Секущей крупкой усеяны дорожки дендрария. На темной зелени елей, молодых кедрачей, привезенных из Сибири, на хвое сосенной разнопородности повисло редкое серебро, принарядило к Старому Новогодью снежной мишурой.
Тревожны реденькие рощи за городским дендрарием. Они в предчувствии настоящей зимы, трескучих морозов и мутных метелей.
Березки застыли. Над ними пронесся куда-то тонкий месяц, а потом и растворился в летучих тучах.
Смерклось. Ночь надвинулась. Месяц обнажился и завис на одном месте. Снег под ним покрылся золотыми блестками.
Кажется, заночевала, наконец, здесь русская зима, которую ждали. Накануне Старого Нового года явилась она в наши края, чтобы извиниться за то, что припозднилась.
Не обманывает ли она? Ведь всё смешалось на континентах: там, где должно быть тепло, теперь холод. И наоборот…
…Со вчерашнего дня терпел и не включал телеящик. В нем по-прежнему «разнообразие безобразия», сатанизм и грязь жизни в значительно большей степени, чем в задержавшейся осени. В ночь под Старый Новый год опять включат беснующуюся, мелькающую в диком разврате плоть, от которой до безумия тошно душе.

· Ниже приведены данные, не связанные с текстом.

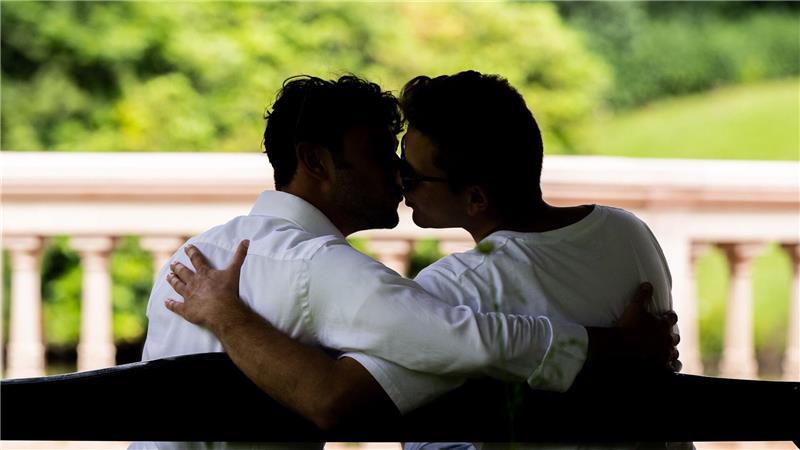 Schönheitstrend volle Lippen - mehr Volumen, weniger Gefühl? Menschen sind die einzige Spezies, die sich küsst.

И пришло на ум понимание, что, окунувшись в природу, ты соединил плотский мир с духовным. И нет тут для тебя теперь ни эпох, ни времени, ни звероявленных событий, ни звероподобных людей, ни плясок взбесившихся тел… Пришло что-то другое, чему нет названия и вещной осязаемости.
Я гоню от себя уныние, и оно растворяется в песне сыпучих снегов, в шорохе инея и в умиротворяющей тишине зимней ночи…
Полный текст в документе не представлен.